Tate-LaBianca: Brutal slayings still live on in our collective nightmares

It was in the early hours of August 9, 1969-49 years ago today. One of the most infamous nights in history.

At the behest of a career criminal and cult leader named Charles Manson, four members of his so-called "family"-Tex Watson, Susan Atkins, Linda Kasabian and Patricia Krenwinkel-descended on a house on Cielo Drive in Benedict Canyon, north of Beverly Hills, Calif. There, they brutally slaughtered five people, including pregnant actress Sharon Tate.
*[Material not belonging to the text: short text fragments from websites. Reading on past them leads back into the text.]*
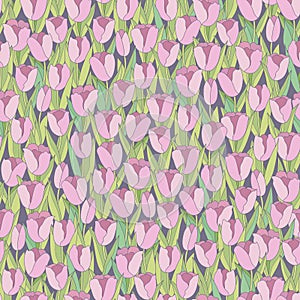 Seamless background with tulips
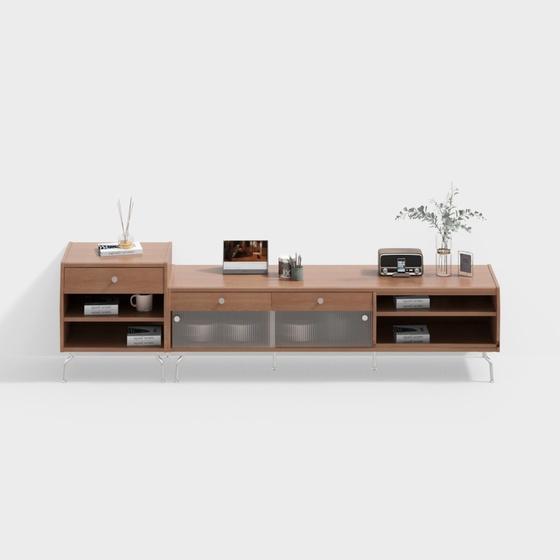 Nordic Solid Wood TV Cabinet 3D Model for Cozy Spaces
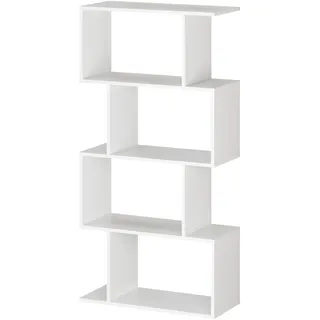 Ricoo Standregal 4 Regalböden 140 x 70 x 30 cm Weiß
The very next night, seven family members-all four from the Tate murders along with Leslie Van Houten, Steve Grogan and Manson himself-went to the residence of Leno and Rosemary LaBianca in the Los Feliz section of Los Angeles and killed them both.

The crimes made national headlines and struck fear in the hearts of Los Angeles-area residents. That fear spread across the nation-even to the Twin Cities. You didn't know where these killers would strike next.

The investigation took several months, but by December police arrested the suspects.

Manson, Krenwinkel, Atkins and Van Houten went on trial in June 1970. They were convicted and sentenced to death. Kasabian took a deal, testified and was granted immunity. Watkins was tried later and got death. Grogan was sentenced to death in another Manson family killing, but a judge resentenced him to life in 1971.

In 1972 the California Supreme Court ruled capital punishment unconstitutional. All the remaining death sentences were reduced to life-with the possibility of parole.

Tex Watson remains in prison, as do Steve Grogan and Patricia Krenwinkel. Susan Atkins died in 2009, still incarcerated. Linda Kasabian is 69 now and has mostly tried to get on with her life, rarely granting interviews.

Leslie Van Houten has been in the headlines over the past few years. She was granted parole in 2016 but California Gov. Jerry Brown overturned that decision. The parole board ruled in her favor again in 2017 and again Brown blocked her release.

As for Charles Manson, the all-too-real boogeyman of the 20th century, he lived on in prison for decades, dying in November of last year at the age of 83. For nearly 50 years, the Tate-LaBianca murders have lived on in our collective nightmares. And they will as long as anyone who was alive that day still breathes.